§ **Task data**:
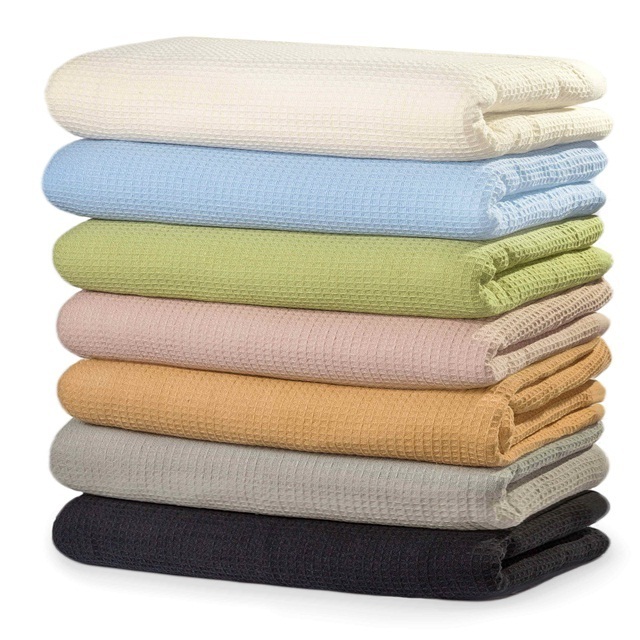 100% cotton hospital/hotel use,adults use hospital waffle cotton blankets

==

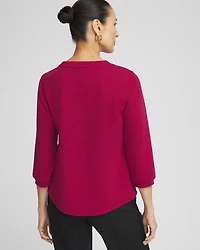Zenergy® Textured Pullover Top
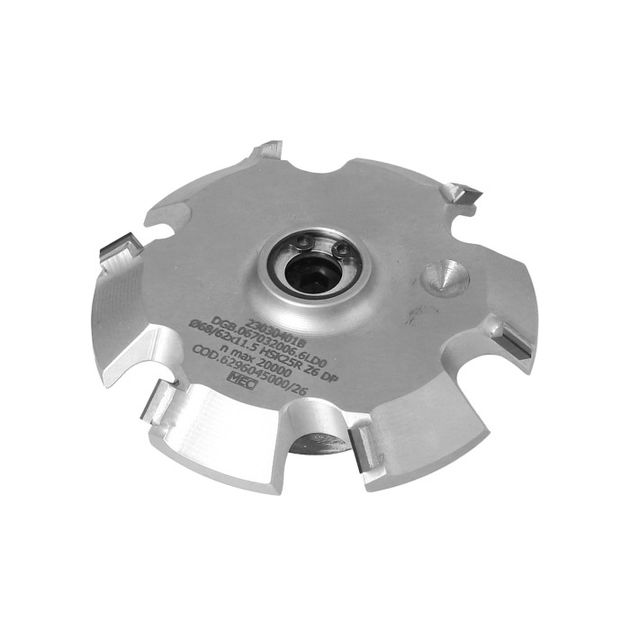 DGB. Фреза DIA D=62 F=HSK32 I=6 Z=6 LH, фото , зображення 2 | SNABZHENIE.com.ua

==

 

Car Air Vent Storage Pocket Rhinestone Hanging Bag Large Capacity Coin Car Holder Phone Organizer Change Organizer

§ **Try it**:
From the listing above, please give again the lines that begin with the line holding "Zenergy® Textured Pullover Top" and go on through the line holding "DGB. Фреза DIA", exactly, both ends included, minus any picture.

§ **Task solution**:
Zenergy® Textured Pullover Top
 DGB. Фреза DIA D=62 F=HSK32 I=6 Z=6 LH, фото , зображення 2 | SNABZHENIE.com.ua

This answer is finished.